The Trustees of OMSI have decided that unless specifically requested by the donor, all planned gifts received by the museum will be placed in the general fund for support of the museum's operations, including developing new exhibits and programs, supporting educational and production staff, and maintaining the facility. By making this commitment, OMSI can secure its mission of providing excellence in science education for all its visitors.
How Can I Maximize the Benefits to My Family, OMSI and Myself?
Your situation is unique, according to your personal needs, goals, family, assets and charitable interests. Planning your gift can help you maximize attainment of your giving goals. A thoughtful review of your interests and assets is a good beginning. Based on this review, your financial advisor or members of the museum's development staff can suggest various charitable methods for achieving your goals. One method of giving may allow you to save on income taxes or capital gain taxes. Another might combine a gift while providing income for you and a loved one. Some gifts can be given now, while others can be deferred, such as bequests through a will.
Regarding Taxes
Charitable gifts are generally deductible in amounts up to 50% of adjusted gross income (AGI) for gifts of cash and 30% of AGI for gifts of appreciated property.

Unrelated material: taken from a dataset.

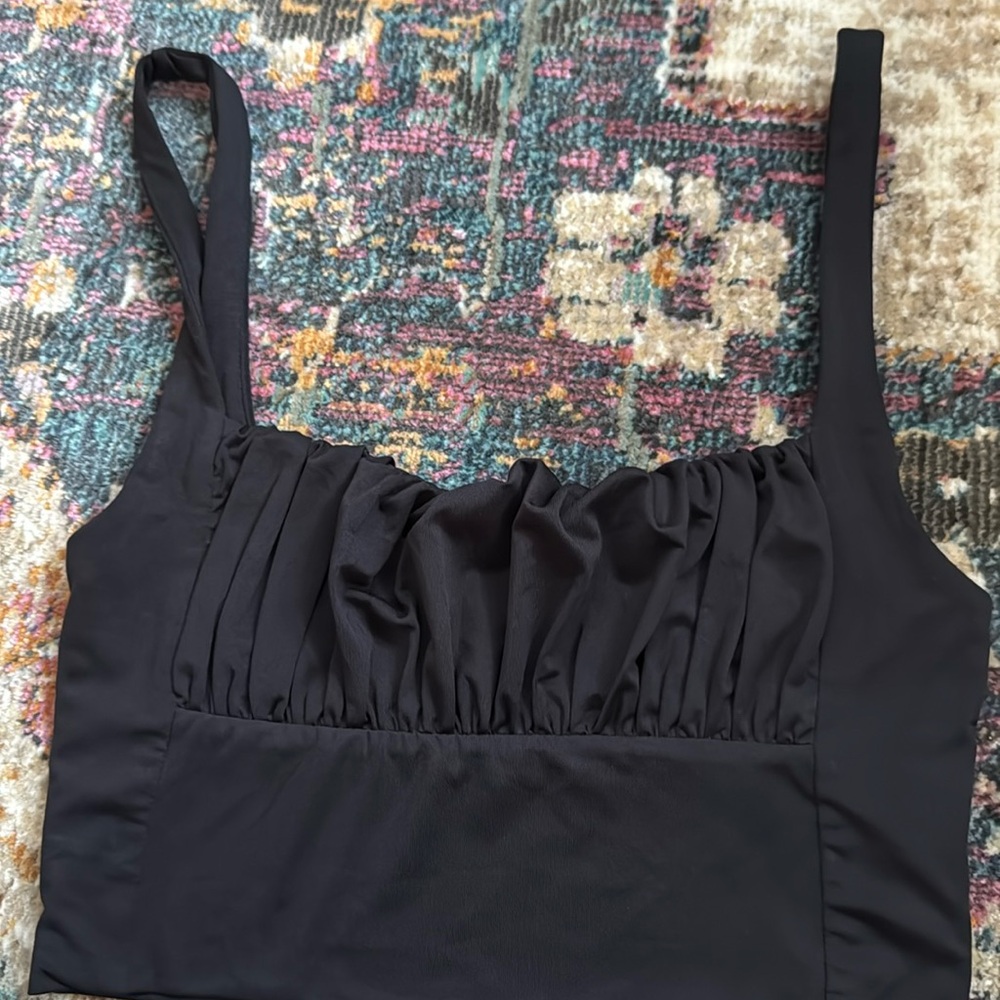 Rebelflow crop top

When appreciated publicly traded securities are donated, you are entitled to a deduction for full value, not just the original cost. This results in a tax deduction based on 'paper profits' you have not yet realized. If securities decrease in value, consider selling them, thereby creating a loss for tax purposes, and making deductible gifts of the cash proceeds.
Consider making larger gifts in years when you have more income and will be in a higher tax bracket. The higher your tax bracket, the greater the savings from your gifts.